OUR VIEWPOINT: Occupy Movement needs to organize

These are tough times financially. One would be hard-pressed to find an economist who could make a case to the contrary. Just as civilization has in history, it again finds itself in the midst of widespread political unrest during a period of monetary woes; this time, it has the name Occupy.

While we at the Telescope understand the underlying point of the Occupy Movement, we do not think the movement can move forward in such an unorganized manner.

With motivating factors similar to those that led to the French Revolution, protestors of many walks of life have taken to the streets to show their distrust of the banks and their dissatisfaction with the government. It is the broadest base of supporters any movement has boasted in the last half century.

However, while the wide demographic range that the participants fit into is a strength for Occupy, it is also its weakness.  The abundance of opinions and personal goals amongst the members cause a contradictive understanding of what the movement is all about.

It falls on the protestors to give the media, and by extension the people they’re trying to win over to their cause, a unified and cohesive statement as to what it is they’re marching for.

From the beginning, the Occupy Movement has been without a leader as a way to illustrate this is a movement of the people.  To an extent they’ve been successful in that they have reached international notoriety without a figurehead.

On the other hand, the role of a leader is often to consolidate the grievances of those whom he/she represents. If they want to avoid a leader, they need to find another way to come to consensus.

In some locations the movement has spread to, protestors have been experimenting with volunteer committees and open forums to make decisions. Though they are far from perfect, they show a step in the right direction.

The Occupy Movement needs to first, on a national level, establish a set of guidelines by which the chapters in locations across the country can govern themselves.

The best option would be a revolving-door-style democratic system in which representatives are regularly switched out and legislation that has already been ratified has to be unanimously voted against in order to be stricken.
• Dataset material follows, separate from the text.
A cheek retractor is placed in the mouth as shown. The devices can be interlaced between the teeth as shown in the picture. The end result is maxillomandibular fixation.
With these parameters in place, the next step is to draft a list of core goals that represent the heart of the movement’s objectives.
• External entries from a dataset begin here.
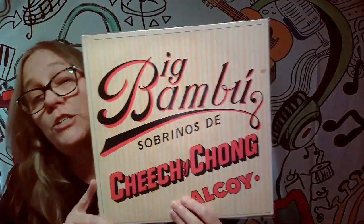Hey everybody, it's Mama J, and I'm going to show you guys something that's in my collection. I have an album from 1972. It's not a music album — it's more of a comedy album. What it is, is it's Cheech and Chong, Big Bamboo.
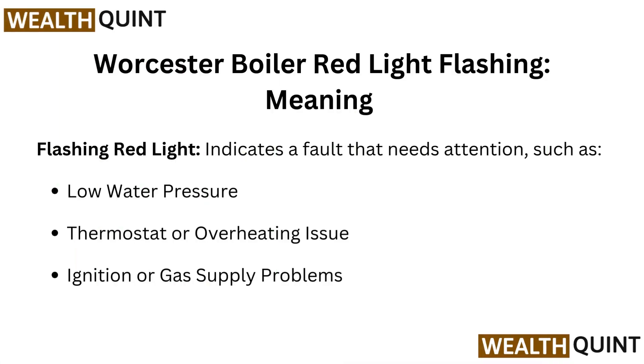Vaillant Boiler Red Light Flashing meaning: a flashing red light indicates a fault that needs attention, such as low water pressure, a thermostat or overheating issue, or ignition and gas supply problems.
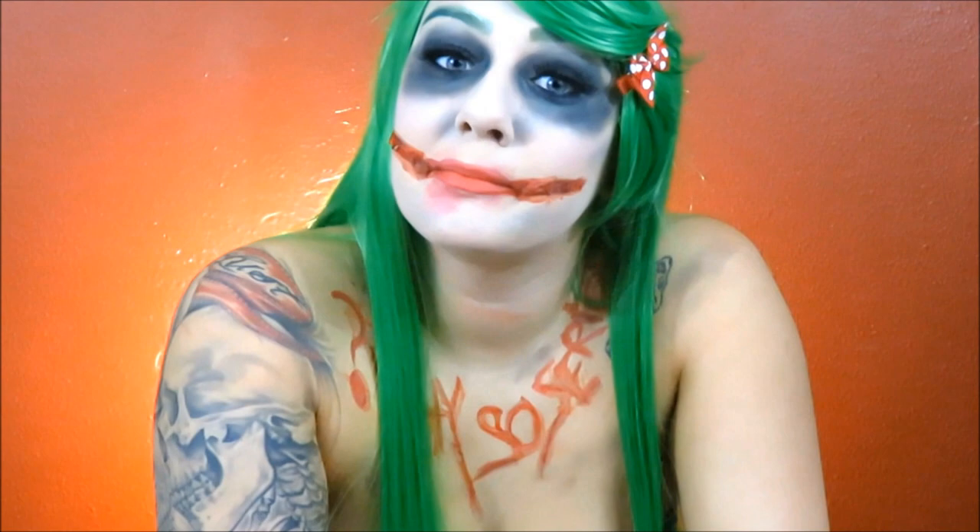Alright guys, that's all I have for you today. I want to say thank you for stopping by. I hope you guys learned something cool today and I hope you guys liked my rendition of the Joker. So if you guys haven't already, please hit that subscribe button and give it a like if you liked it. And until next time, I'll see you later. Bye!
Finally, after getting an accurate count on the average number of participants, they should take the list of approved goals to members on the street and ask each member to sign off on the mission statements. If they can get 70 percent of the protestors to accept the terms, the goals would be adopted.  If not, it’s back to the drawing board.

No system will represent the movement perfectly, but at least with these guidelines, the protests will no longer consist of unorganized malcontents without a clue what they want. Instead, the strength of the movement will greatly improve and the unification of protestors will allow the main purpose to be reached.